-- TASK PROMPT --
When a record contains an image, skip the image and retype the rest of that record exactly.

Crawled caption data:
%%
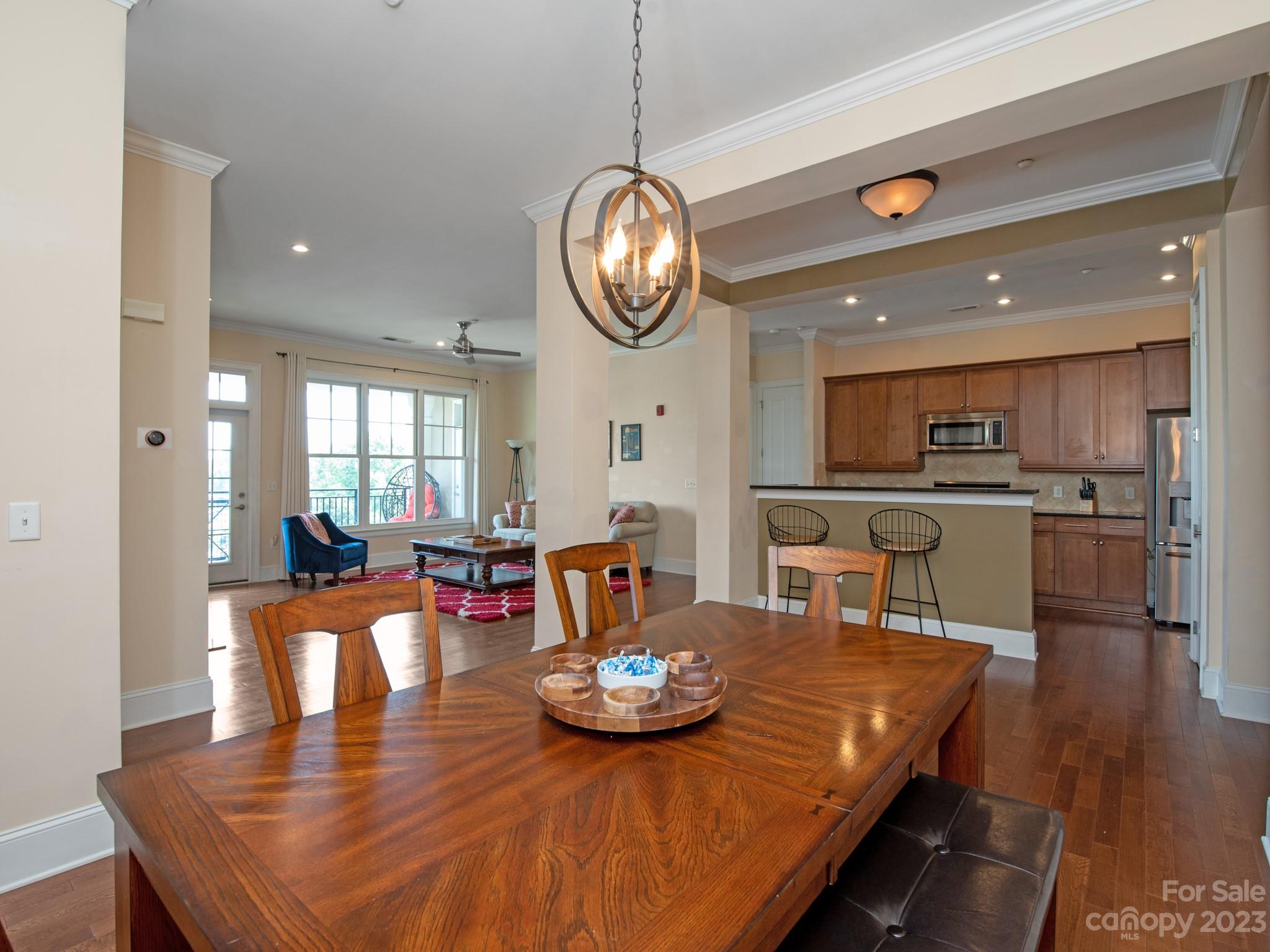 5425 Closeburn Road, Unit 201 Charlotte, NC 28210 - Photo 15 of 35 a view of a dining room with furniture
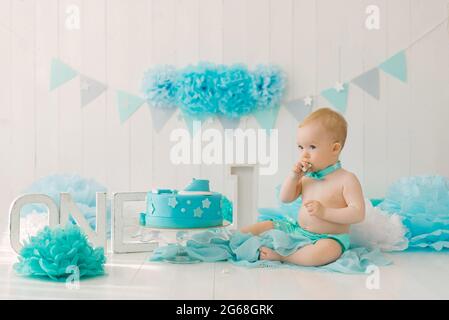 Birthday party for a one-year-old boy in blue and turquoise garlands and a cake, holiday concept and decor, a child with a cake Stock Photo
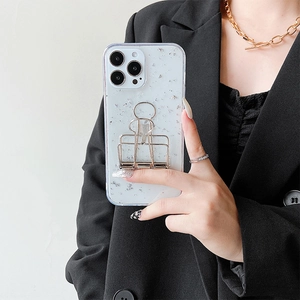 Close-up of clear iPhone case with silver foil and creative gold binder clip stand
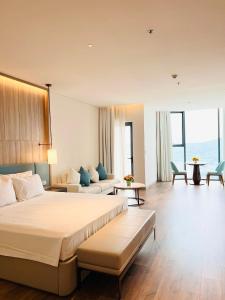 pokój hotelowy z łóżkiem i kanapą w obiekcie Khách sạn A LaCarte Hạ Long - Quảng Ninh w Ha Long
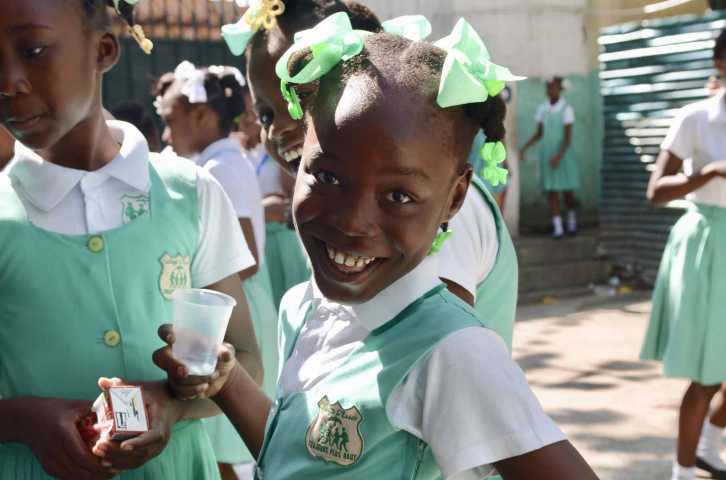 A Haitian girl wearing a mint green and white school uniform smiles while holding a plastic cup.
%%
-- WRITTEN ANSWER --
 5425 Closeburn Road, Unit 201 Charlotte, NC 28210 - Photo 15 of 35 a view of a dining room with furniture
 Birthday party for a one-year-old boy in blue and turquoise garlands and a cake, holiday concept and decor, a child with a cake Stock Photo
 Close-up of clear iPhone case with silver foil and creative gold binder clip stand
 pokój hotelowy z łóżkiem i kanapą w obiekcie Khách sạn A LaCarte Hạ Long - Quảng Ninh w Ha Long
 A Haitian girl wearing a mint green and white school uniform smiles while holding a plastic cup.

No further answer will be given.